For the Freshman class in which I am a discussion leader, we're reading Augustine's Confessions, an autobiographical account of his life written as a prayer and told with unflinching honesty. Given that Augustine died in the year 430 C.E. his wisdom is surprisingly poignant. Here are some gems worth reading:

"You arouse us so that praising you may bring us joy, because you have made us and drawn us to yourself, and our heart is unquiet until it rests in you." (Book I: 1,1)

"The house of my soul is too small for you to enter: make it more spacious by your coming. It lies in ruins: rebuild it. Some things are to be found there which will offend your gaze; I confess this to be so and know it well. But who will clean my house? To whom but yourself can I cry, Cleanse me of my hidden sins, O Lord?" (Book I:6)

"Everything I need for health and salvation flows from my God." (Book I: 6, 7)

"Allow me to say something, my God, about the intelligence which was your gift to me, and the crazy employments in which I frittered it away." (Book I: 17, 27)

"I will try now to give a coherent account of my disintegrated self, for when I turned away from you, the one God, and pursued a multitude of things, I went to pieces." (Book II: 1,1)

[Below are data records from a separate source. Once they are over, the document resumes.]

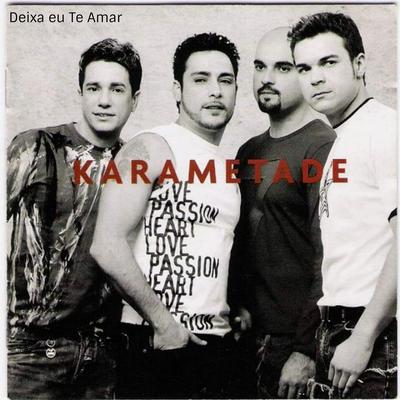 Deixa Eu Te Amar By Karametade's cover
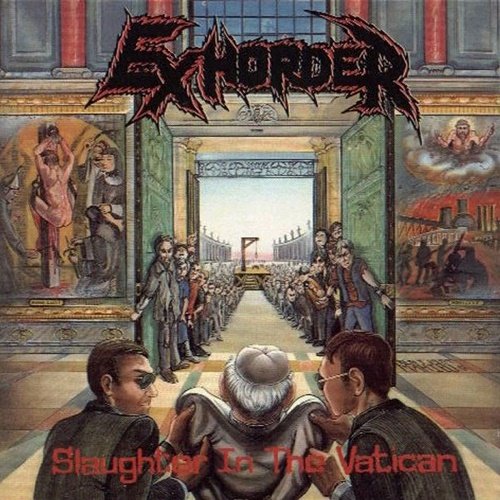 Exhorder - Slaughter in the Vatican (vynil rip) 1990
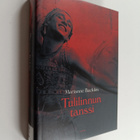 Marianne Backlen : Tulilinnun tanssi - pikkukuva 1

"But I was quite reckless; I rushed on headlong in such blindness that when I heard other youths of my own age bragging about their immoralities I was ashamed to be less depraved than they." (Book II:3, 7)

"Human beings live on earth for a brief span only, and they lack the discernment to bring the conditions of earlier ages, of which they have no experience, into the same frame of reference with those they know well." (Book III: 7, 13)

When we take time to read classic works such as this one, we begin to develop the discernment to do just that. May it be so!